Delamanid is a nitroimidazo-oxazole that, following bioreduction within M. tuberculosis, inhibits mycolic acid biosynthesis. It has potent anti-M. tuberculosis activity in vitro and in mice (11) and has demonstrated clinical efficacy both as monotherapy in a trial to measure early bactericidal activity (EBA) and when added to optimized background therapy for MDR TB in a 2-month study that evaluated bacterial CFU in serial sputum samples (5, 12). However, poor absorption of delamanid may pose a challenge for once-daily dosing; in an ongoing phase III trial, delamanid is being administered twice daily for the first 2 months of treatment (clinical trials.gov identifier NCT01424670).
Pa, a nitroimidazo-oxazine, has demonstrated efficacy against TB in several preclinical models (13, 14, 15), and its clinical pharmacokinetic (PK) profile allows for once-daily oral dosing. Elegant work has demonstrated that Pa is activated by a specific M. tuberculosis deazaflavin-dependent nitroreductase (16).

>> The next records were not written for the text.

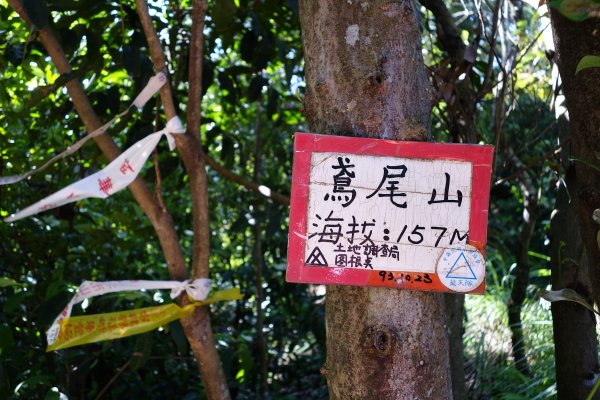 10/6(六)三峽：鳶山－福德坑山(小百岳)－鳶尾山東峰－鳶尾山Ｏ型424453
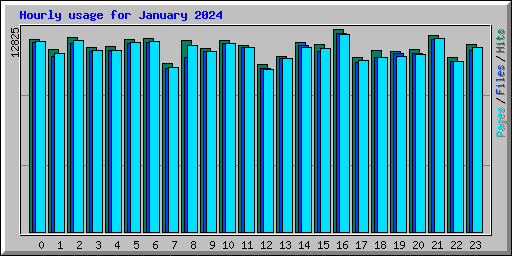 Hourly usage for January 2024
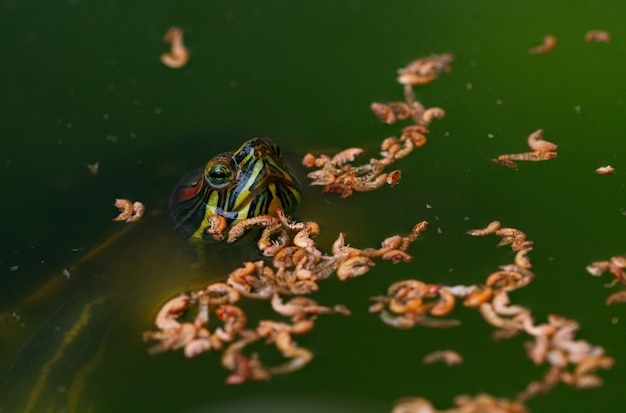 Close-up shot van een schildpad en wormen in het water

The metabolites produced, including reactive nitrogen species, act downstream to inhibit mycolic acid biosynthesis (15) (as for delamanid) and also cause nitrosative damage, including respiratory damage (17). Pa may also act by directing the activity of its activating enzyme away from an endogenous antioxidant role (18). Different effects of Pa may dominate under aerobic (where bacteria are replicating) and hypoxic (where bacteria are not replicating [NR]) conditions. The ultimate clinical efficacy of Pa may be due to targeting of M. tuberculosis residing in both aerobic and hypoxic environments that exist in the lungs of TB patients.

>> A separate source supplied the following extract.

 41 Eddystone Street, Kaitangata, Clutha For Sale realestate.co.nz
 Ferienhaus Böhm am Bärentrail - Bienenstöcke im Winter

Pa demonstrated clinical EBA as monotherapy (6) and in combination with moxifloxacin (M) and pyrazinamide (Z) (19, 20). Following completion of a 2-month phase II study, the drug regimen PaMZ is scheduled to enter a phase III trial that will enroll patients with TB sensitive to the regimen. PaMZ and other Pa-containing drug regimens have demonstrated the treatment-shortening potential of nitroimidazoles by curing mice with a shorter duration of dosing than the standard of care (21, 22). Some of these shorter nitroimidazole-containing drug regimens include only new TB drugs to which there is no existing resistance and may represent truly transformative treatments for patients with drug-resistant disease.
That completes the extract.